Skip to main content

Rust-powered filesystem toolkit: fast walk, parallel hashing, bulk copy, file watching, deduplication, content search, directory diff/sync, snapshots, disk usage, and batch rename.

Project description

pyfs-watcher logo

PyPI Python License CI

pyfs_watcher

Rust-powered filesystem toolkit for Python.
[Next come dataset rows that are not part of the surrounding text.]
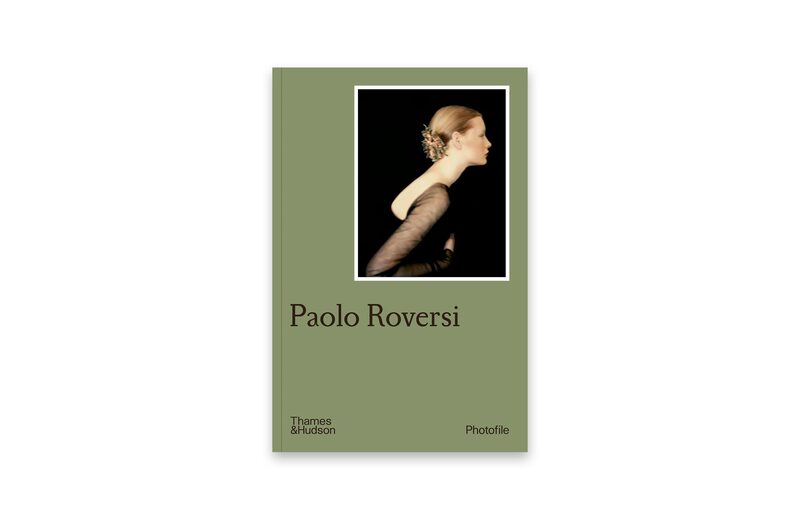 Studio / Paolo Roversi 写真集(2008年初版) Paolo Roversi: STUDIO, Steidl, 2008 | Bookshop Le Plac'Art Photo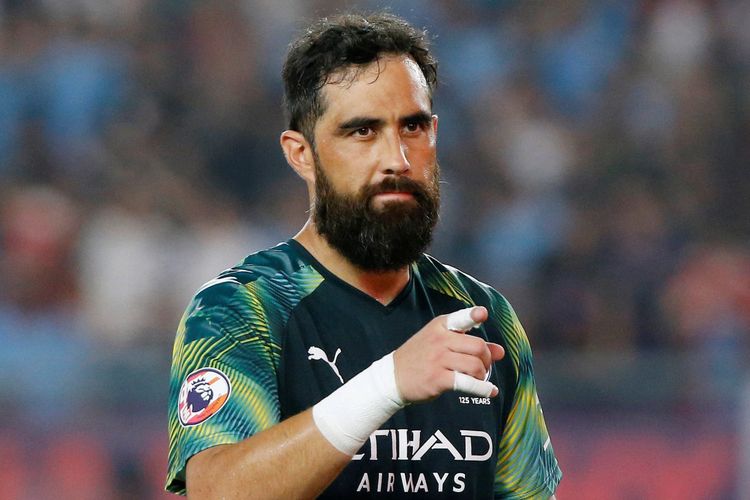 “Betis”ə keçdi - "Mançester Siti"dən ayrılan qapıçı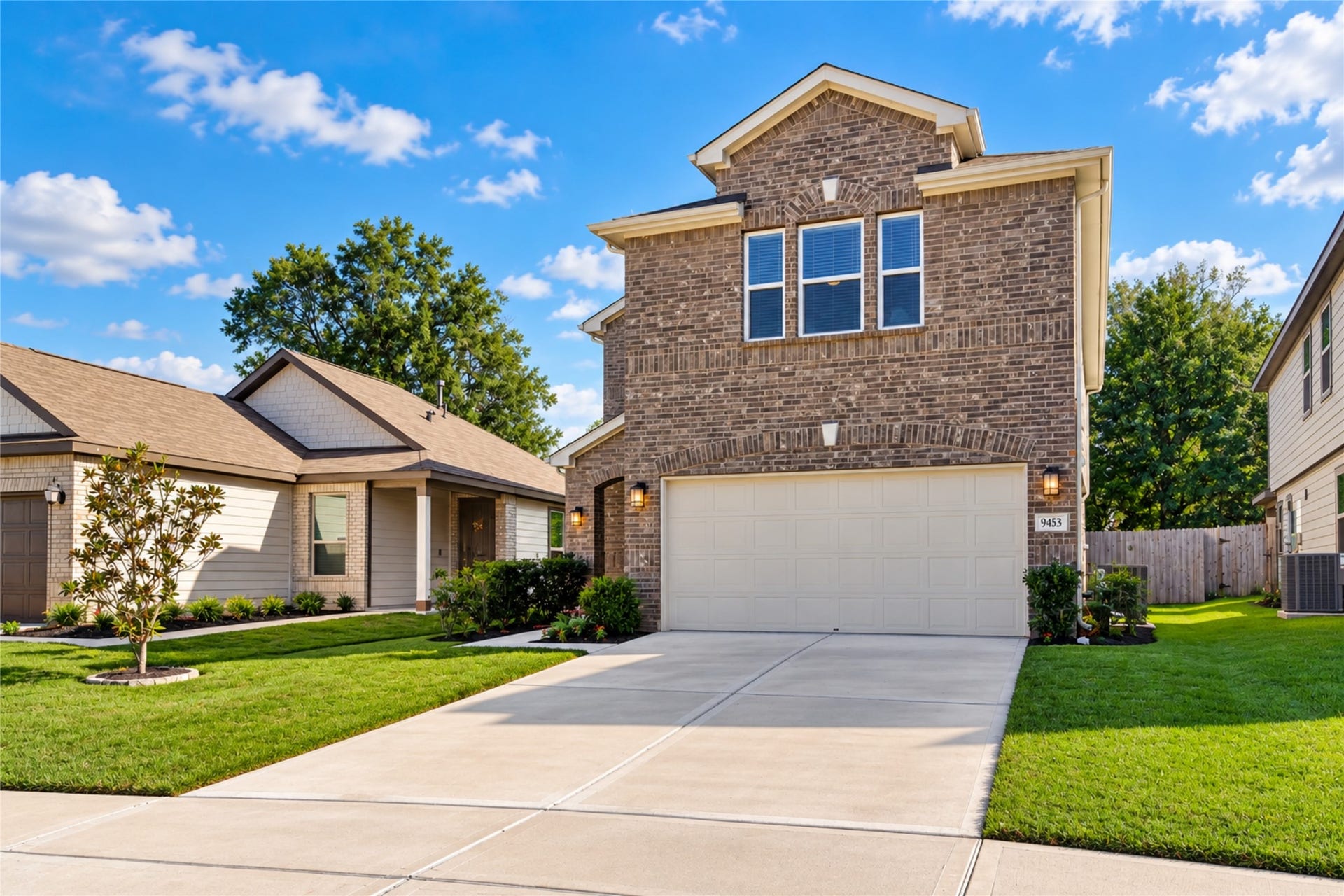 9453 Castillo Court, Magnolia, TX 77354 Discover a home that combines traditional curb appeal with the convenience of modern living. The generous driveway and two-story design offer an inviting introduction to this beautiful home.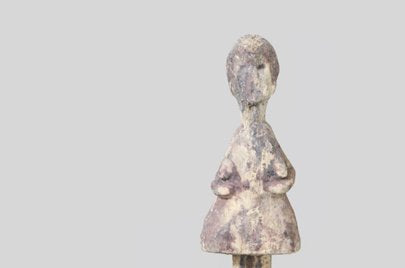 アダン族　双子を抱いた古い女性像　f_037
Fast recursive directory listing, parallel file hashing, bulk copy/move with progress, cross-platform file watching, file deduplication, content search, directory diff/sync, snapshots, disk usage, and batch rename.

Install

pip install pyfs_watcher

From source:

pip install maturin
maturin develop

Usage

Walk directories (parallel, faster than os.walk)

import pyfs_watcher

# Streaming iterator
for entry in pyfs_watcher.walk("/data", file_type="file", glob_pattern="*.py"):
    print(entry.path, entry.file_size)

# Bulk collect (faster when you need all results)
entries = pyfs_watcher.walk_collect("/data", max_depth=3, sort=True, skip_hidden=True)

Hash files (parallel SHA256/BLAKE3)

# Single file
result = pyfs_watcher.hash_file("large.iso", algorithm="blake3")
print(result.hash_hex)

# Parallel batch hashing
results = pyfs_watcher.hash_files(paths, algorithm="blake3", callback=lambda r: print(r.path))

Copy/move with progress

def on_progress(p):
    pct = p.bytes_copied / p.total_bytes * 100
    print(f"{pct:.0f}% - {p.current_file}")

pyfs_watcher.copy_files(sources, "/dest", progress_callback=on_progress)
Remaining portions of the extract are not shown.